Work required —
Could you write out the line containing "Gröna Juicy Couture" and all the lines below it in the data, exactly, through the final one and nothing else?

Collection entries
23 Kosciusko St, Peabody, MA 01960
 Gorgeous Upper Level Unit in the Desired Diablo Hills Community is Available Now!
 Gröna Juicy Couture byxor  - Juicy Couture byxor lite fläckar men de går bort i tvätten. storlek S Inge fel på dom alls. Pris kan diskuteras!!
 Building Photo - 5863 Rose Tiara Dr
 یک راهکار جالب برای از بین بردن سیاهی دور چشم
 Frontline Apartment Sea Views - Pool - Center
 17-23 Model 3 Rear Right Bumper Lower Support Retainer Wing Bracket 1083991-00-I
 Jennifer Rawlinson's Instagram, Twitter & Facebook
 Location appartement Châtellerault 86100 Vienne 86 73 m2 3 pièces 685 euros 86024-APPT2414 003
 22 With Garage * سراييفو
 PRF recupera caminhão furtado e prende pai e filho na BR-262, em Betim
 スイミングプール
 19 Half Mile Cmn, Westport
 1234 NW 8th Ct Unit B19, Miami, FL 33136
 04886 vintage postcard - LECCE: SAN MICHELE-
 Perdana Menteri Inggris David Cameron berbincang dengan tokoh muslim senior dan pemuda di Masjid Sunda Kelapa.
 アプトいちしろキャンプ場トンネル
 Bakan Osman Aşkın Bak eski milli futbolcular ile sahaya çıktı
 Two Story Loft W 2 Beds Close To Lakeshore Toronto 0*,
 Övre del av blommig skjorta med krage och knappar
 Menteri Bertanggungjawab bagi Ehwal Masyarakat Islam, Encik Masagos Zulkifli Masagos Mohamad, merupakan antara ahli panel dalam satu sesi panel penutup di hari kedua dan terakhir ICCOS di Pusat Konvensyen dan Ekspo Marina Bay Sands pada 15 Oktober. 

Expected answer —
 Gröna Juicy Couture byxor  - Juicy Couture byxor lite fläckar men de går bort i tvätten. storlek S Inge fel på dom alls. Pris kan diskuteras!!
 Building Photo - 5863 Rose Tiara Dr
 یک راهکار جالب برای از بین بردن سیاهی دور چشم
 Frontline Apartment Sea Views - Pool - Center
 17-23 Model 3 Rear Right Bumper Lower Support Retainer Wing Bracket 1083991-00-I
 Jennifer Rawlinson's Instagram, Twitter & Facebook
 Location appartement Châtellerault 86100 Vienne 86 73 m2 3 pièces 685 euros 86024-APPT2414 003
 22 With Garage * سراييفو
 PRF recupera caminhão furtado e prende pai e filho na BR-262, em Betim
 スイミングプール
 19 Half Mile Cmn, Westport
 1234 NW 8th Ct Unit B19, Miami, FL 33136
 04886 vintage postcard - LECCE: SAN MICHELE-
 Perdana Menteri Inggris David Cameron berbincang dengan tokoh muslim senior dan pemuda di Masjid Sunda Kelapa.
 アプトいちしろキャンプ場トンネル
 Bakan Osman Aşkın Bak eski milli futbolcular ile sahaya çıktı
 Two Story Loft W 2 Beds Close To Lakeshore Toronto 0*,
 Övre del av blommig skjorta med krage och knappar
 Menteri Bertanggungjawab bagi Ehwal Masyarakat Islam, Encik Masagos Zulkifli Masagos Mohamad, merupakan antara ahli panel dalam satu sesi panel penutup di hari kedua dan terakhir ICCOS di Pusat Konvensyen dan Ekspo Marina Bay Sands pada 15 Oktober. 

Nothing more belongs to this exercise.